Do I need a semaphore when reading from a global structure?

https://stackoverflow.com/questions/265708

06-07-2019
|

Question

A fairly basic question, but I don't see it asked anywhere.

Let's say we have a global struct (in C) like so:

struct foo {
  int written_frequently1;
  int read_only;
  int written_frequently2;
};

It seems clear to me that if we have lots of threads reading and writing, we need a semaphore (or other lock) on the written_frequently members, even for reading, since we can't be 100% sure that assignments to this struct will be atomic.

If we want lots of threads to read the read_only member, and none to write, to we need a semaphore on the struct access just for reading?

(I'm inclined to say no, because the fact that the locations immediately before and after are constantly changed shouldn't affect the read_only member, and multiple threads reading the value shouldn't interfere with each other. But I'm not sure.)

[Edit: I realize now I should have asked this question much better, in order to clarify very specifically what I meant. Naturally, I didn't really grok all of the issues involved when I first asked the question. Of course, if I comprehensively edit the question now, I will ruin all of these great answers. What I meant is more like:

struct bar {
  char written_frequently1[LONGISH_LEN];
  char read_only[LONGISH_LEN];
  char written_frequently2[LONGISH_LEN];
};

The major issue I asked about is, since this data is part of a struct, is it at all influenced by the other struct members, and might it influence them in return?

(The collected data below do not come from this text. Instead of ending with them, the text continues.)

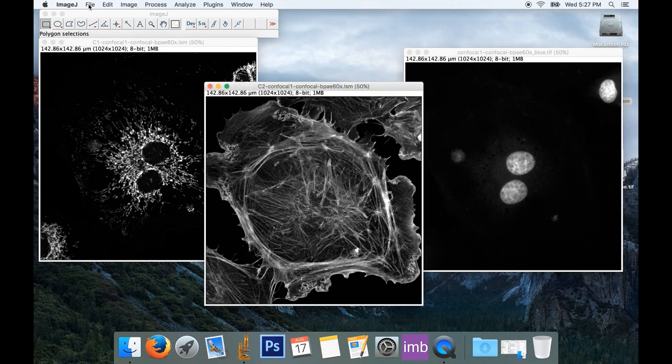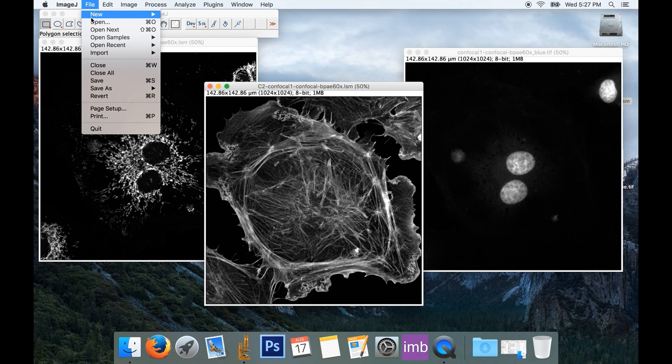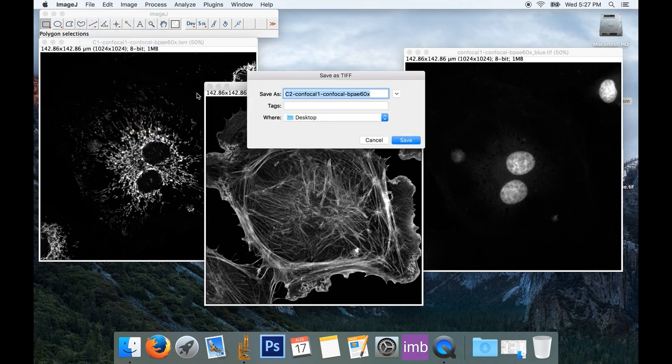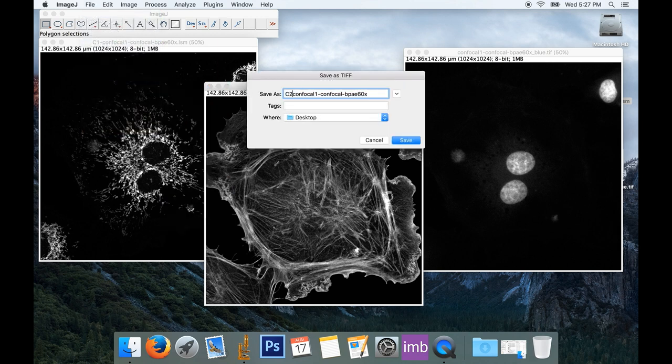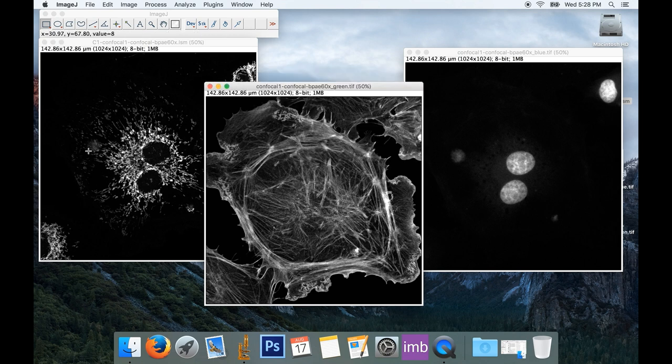I will do the same thing with the green. File, Save. And I don't like the naming convention. This one's not green, it's green. We'll save that to the desktop.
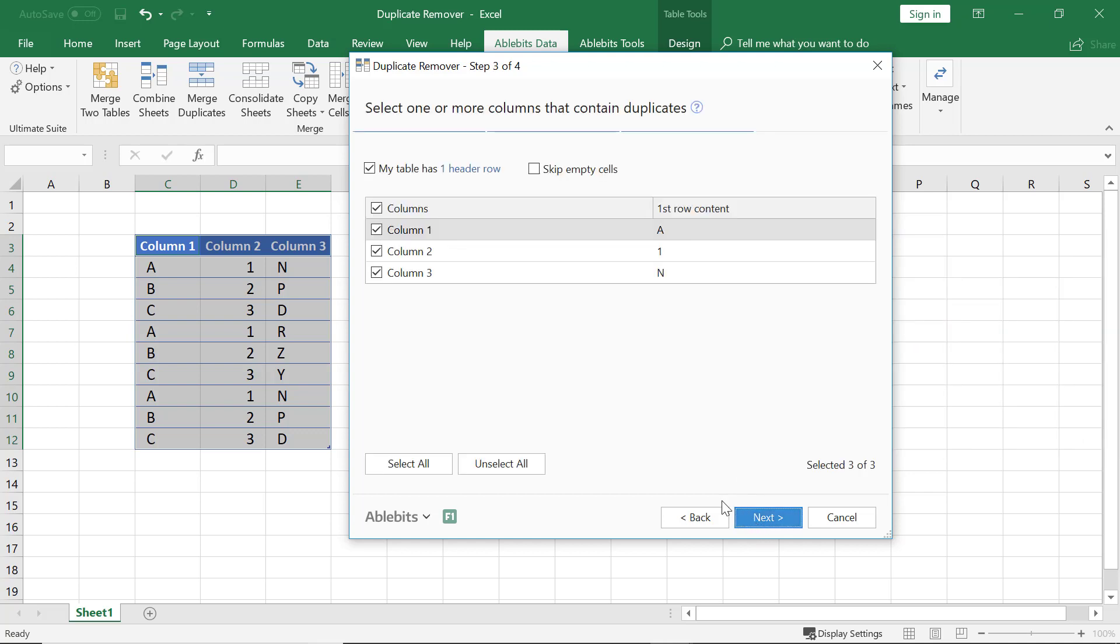The wizard wants us to choose the key columns. As our task is to remove the repeated rows, we shall select all the three columns of the table. If your table has more columns, you can get all of them selected by clicking the Select All button.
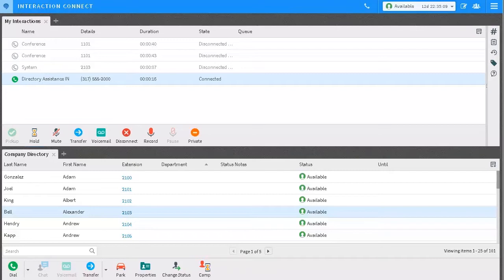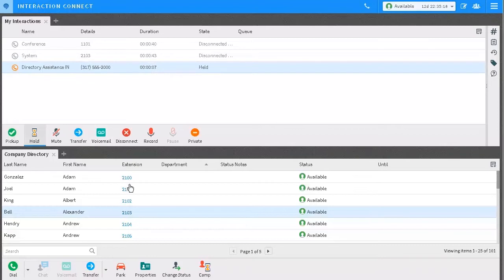For this demonstration, I'll connect two calls. I'm currently connected to one call—it doesn't matter who initiated the call. I place this call on hold and dial the person I want to add.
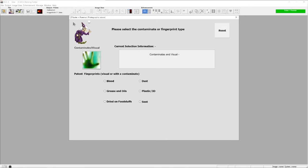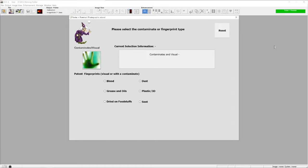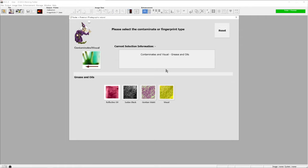Once we have come through to that stage, the next thing we have is the surface or, in this case, the type of contaminant that's on the surface. It may be a grease finger mark.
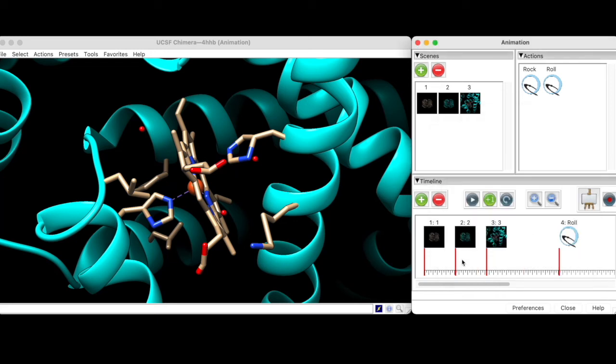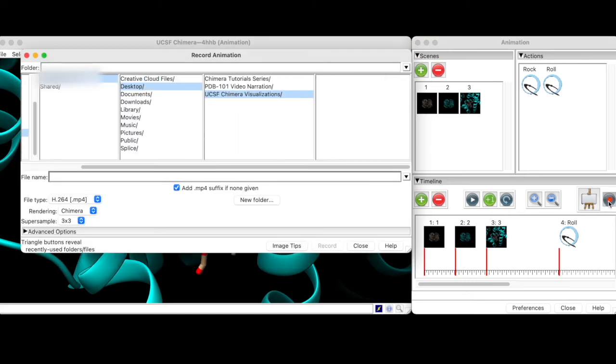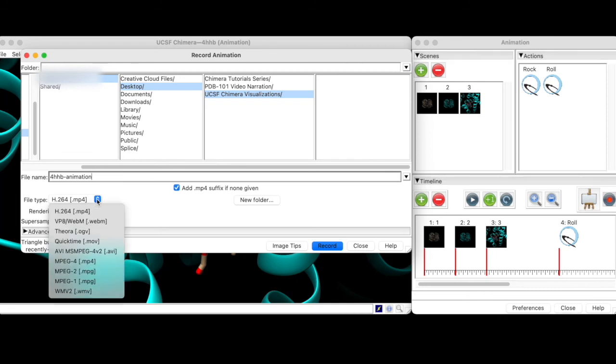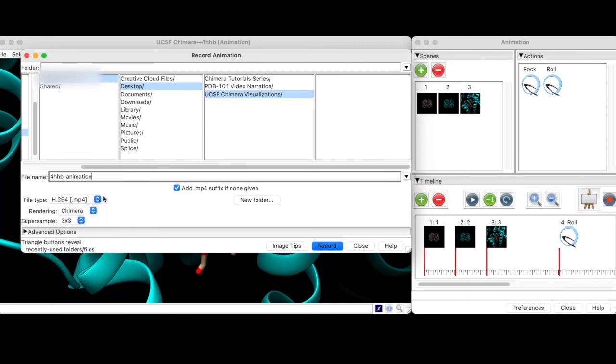Now we are ready to export the animation. To do this, we click the red and grey record button. We can give our animation a suitable name such as 4hhb-animation. Next we need to select the file format. Here I'll go with the default h.264.mp4. Finally, we hit record and wait for the animation to render.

The fact that the members were ints, and therefore writes are likely atomic, is really just a red herring in this case.]

Solution 10

Many thanks to all the great answerers (and for all the great answers).

To sum up:

If there is a read-only member of a struct (in our case, if the value is set once, long before any thread might want to read it), then threads reading this member do not need locks, mutexes, semaphores, or any other concurrency protection.

This is true even if the other members are written to frequently. The fact that the different variables are all part of the same struct makes no difference.

OTHER TIPS

You need a mutex to guarantee that an operation is atomic. So in this particular case, you may not need a mutex at all. Specifically, if each thread writes to one element and the write is atomic and the new value is independent of the current value of any element (including itself), there is no problem.

Example: each of several threads updates a "last_updated_by" variable that simply records the last thread that updated it. Clearly, as long as the variable itself is updated atomically, no errors will occur.

However, you do need a mutex to guarantee consistency if a thread reads or writes more than one element at a time, particularly because you mention locking an element rather than the entire structure.

Example: a thread updates the "day", "month" and "year" elements of a structure. This must happen atomically, lest another thread read the structure after the "month" increments but before the "day" wraps to 1, to avoid dates such as February 31. Note that you must honor the mutex when reading; otherwise you may read an erroneous, half-updated value.

If the read_only member is actually read only, then there is no danger of the data being changed and therefore no need for synchronization. This could be data that is set up before the threads are started.

You will want synchronization for any data that can be written, regardless of the frequency.

"Read only" is a bit misleading, since the variable is written to at least once when it's initialized. In that case you still need a memory barrier between the initial write and subsequent reads if they're in different threads, or else they could see the uninitialized value.

Readers need mutexes, too!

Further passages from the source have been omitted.